Sabermetric Research: "The Cheater's Guide to Baseball," and Bonds/steroids evidence?

A reader of this blog sent me a copy of Derek Zumsteg's "The Cheater's Guide to Baseball," on condition that I write about it. So here you go. And I'm happy to report that it's a fine book.

Zumsteg takes us through many different kinds of cheating, even kinds that aren't cheating at all (like heckling and the hidden-ball trick). We get a good explanation of the 1919 Black Sox, and I learned about some groundskeeper shenanigans that I'd never heard of before. For instance, Cleveland's Emil Bossard would water down the infield when a ground-ball pitcher was scheduled to start for the Indians, so that opposition balls would die in the soggy ground.

The book is written in a friendly, easy style. Zumsteg usually sticks to the issue at hand, but, just when you least expect it, he'll throw in some pretty good sarcasm, and then get serious again. It works very well, not just because he's genuinely funny, but because you is sarcasm is so well-directed, you feel you can trust him on the other stuff.

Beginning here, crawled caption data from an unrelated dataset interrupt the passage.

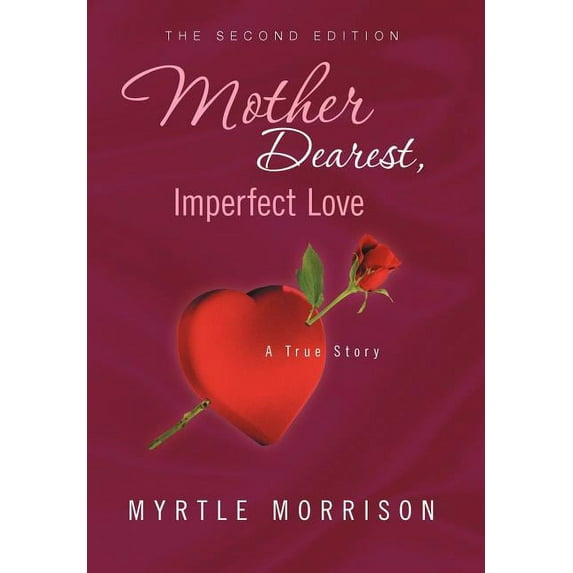 Mother Dearest, Imperfect Love : A True Story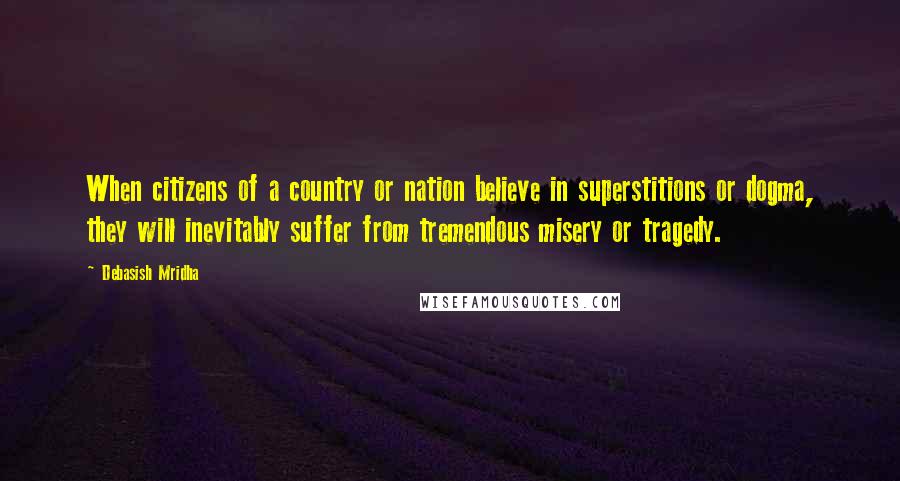 Debasish Mridha Quotes: When citizens of a country or nation believe in superstitions or dogma, they will inevitably suffer from tremendous misery or tragedy.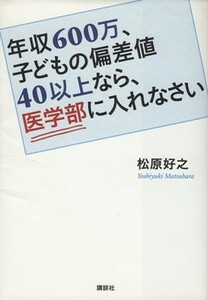 年収６００万、子どもの偏差値４０以上なら、医学部に入れなさい／松原好之(著者)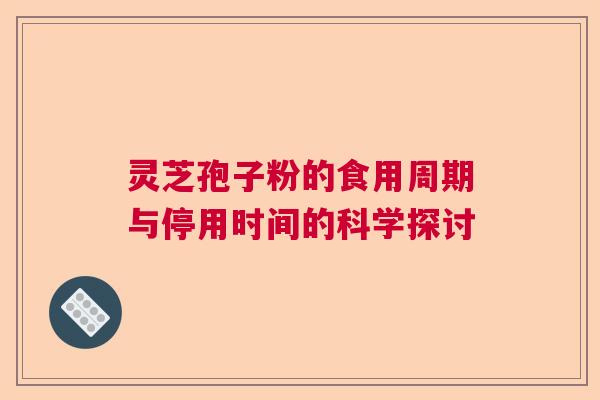 灵芝孢子粉的食用周期与停用时间的科学探讨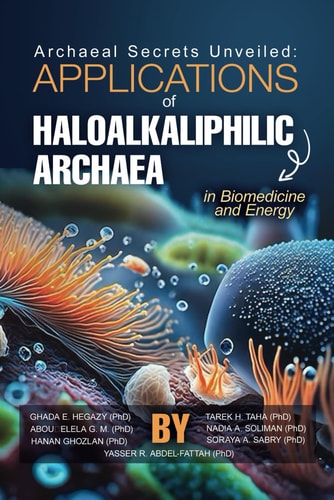 Archaeal Secrets Unveiled Applications of Haloalkaliphilic Archaea in Biomedicine and Energy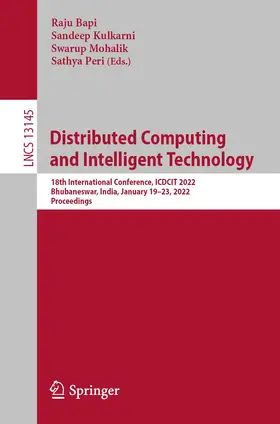 Bapi / Kulkarni / Mohalik |  Distributed Computing and Intelligent Technology | Buch |  Sack Fachmedien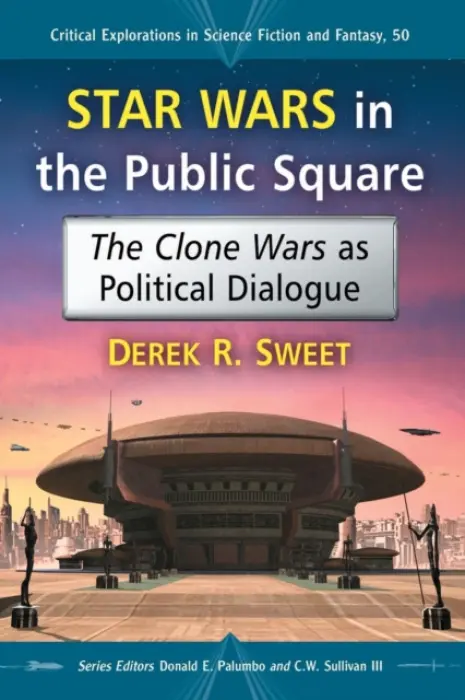 Star Wars in the Public Square - Sweet, Derek R.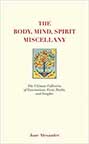 THE BODY, MIND, SPIRIT MISCELLANY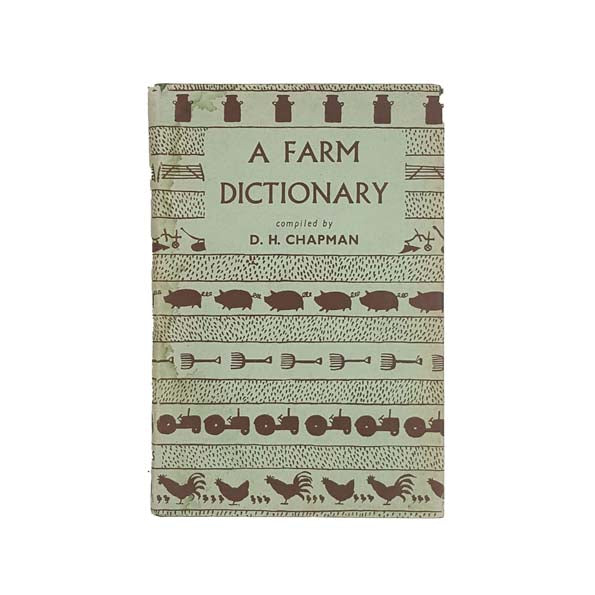 A Farm Dictionary compiled by Derek H. Chapman - First Edition, 1953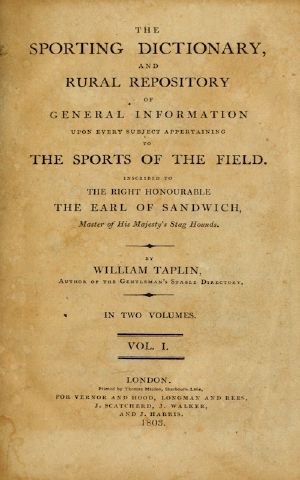 [Gutenberg 59076] • The Sporting Dictionary, and Rural Repository, Volume 1 (of 2) / Of General Information upon Every Subject Appertaining to the Sports of the Field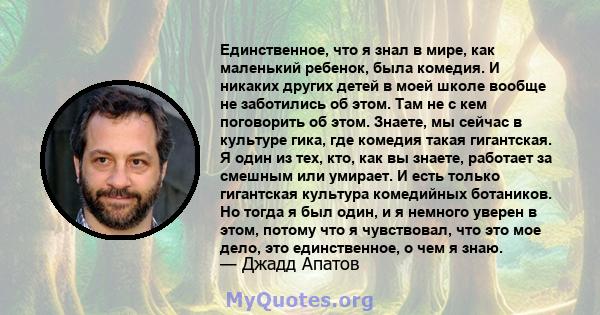 Единственное, что я знал в мире, как маленький ребенок, была комедия. И никаких других детей в моей школе вообще не заботились об этом. Там не с кем поговорить об этом. Знаете, мы сейчас в культуре гика, где комедия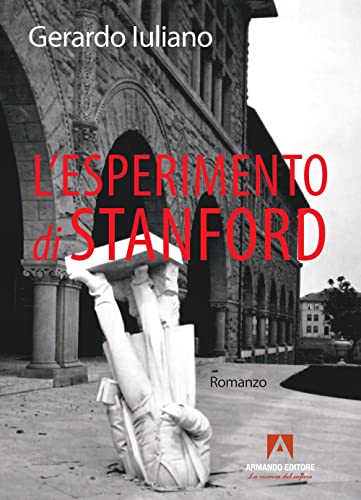 L'Esperimento Di Stanford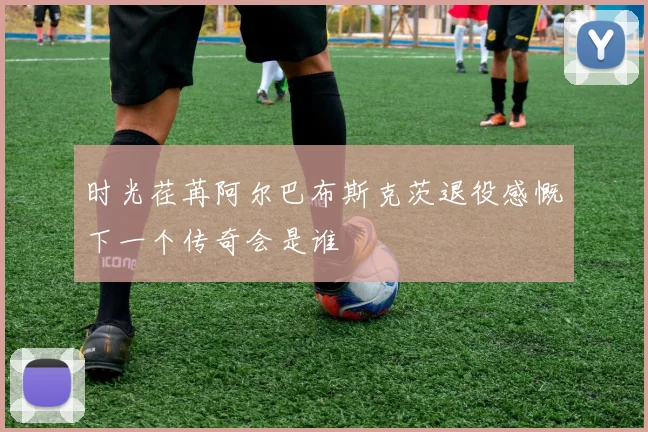 时光荏苒阿尔巴布斯克茨退役感慨下一个传奇会是谁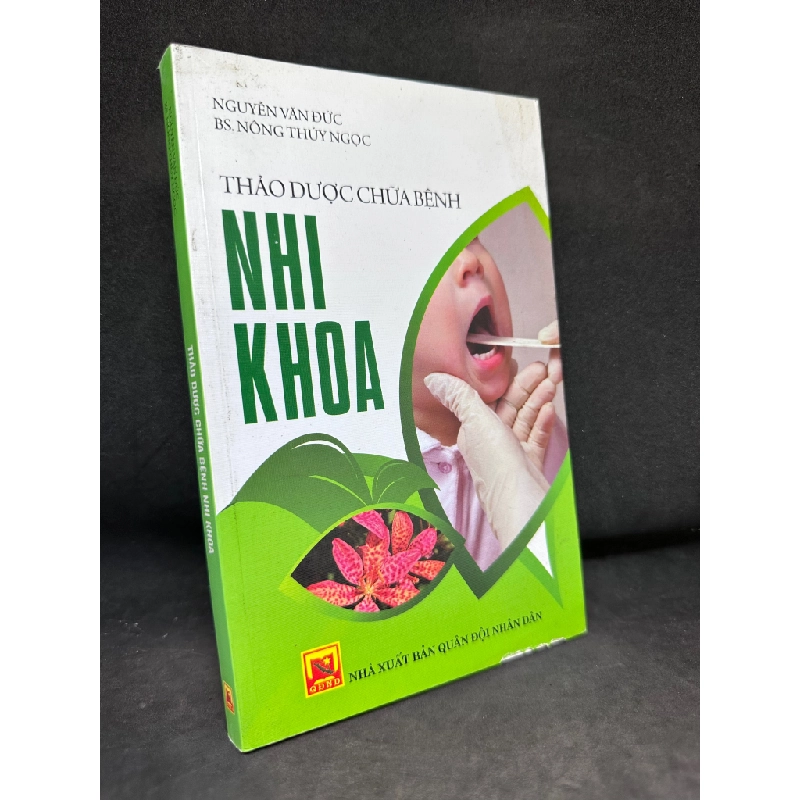 Thảo Dược Chữa Bệnh Nhi Khoa, Nguyễn Văn Đức, Mới 80% (Ố Nhẹ), 2016 SBM0404 450527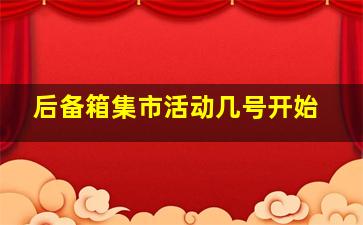 后备箱集市活动几号开始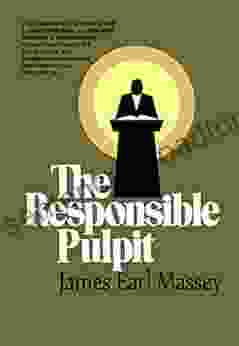 The Responsible Pulpit James Earl Massey
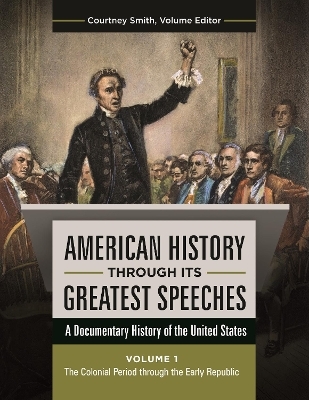 American History through Its Greatest Speeches -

Zumsteg gives himself freer rein in the little boxes that dot the book. He mocks Pete Rose's evasions with an imaginary conversation after you've just videotaped Pete hitting your car:

"You hit my car."
"No, I didn't."
"Yes, you did. I was right here. You slammed right into it."
"I don't know what you're talking about."
"I have video footage of your car ramming mine."
"I wasn't driving."
"You're clearly visible in the tape."
"Maybe that tape's from some other car I hit, I don't know."
"You can see today's newspaper on the dash of my car."
"Maybe it was some guy who looks like me."
"When you got out of your car, your wallet flopped open to your driver's license."
"I don't know why you're persecuting me like this. I don't deserve this kind of treatment."
"You hit my car!"

Readers who didn't understand the Pete Rose situation before reading this, should now have a pretty vivid idea of Rose's attempts at spin. Especially since most of us have had this kind of argument with some idiot or other.

As far as sabermetrics is concerned, there's one major study (which I'll talk about in a bit) and a bunch of claims that would be interesting to follow up on. For instance, Ichiro Suzuki is very particular about the moisture content of his bats. An academic study found that a dry bat could have a one percent increase in performance over a bat with a higher moisture content. I don't know what that means, but, if it means that a batted ball would go 1% farther, that's a huge advantage for Ichiro, or anyone.

Also notable:

-- Jamie Moyer is credited with being able to work an umpire, by arguing "as if he's giving the umpire a shoulder massage ... he pumps the umpire for information on balls ("Too low?" Ump nods. "Okay.") as he works out what can and can't get called a strike that day."

-- The Twins experimented with the Metrodome ventilation system, trying to get air currents running out when the Twins were at-bat, and running towards the batter when the opposition was at bat.

-- According to Baseball Prospectus, umpire Chuck Meriwether "was about two and a half times more likely than Mike Everitt" to call a base stealer out. Also, according to Zumsteg, "Derek Jeter is a master of the graceful-looking fake tag."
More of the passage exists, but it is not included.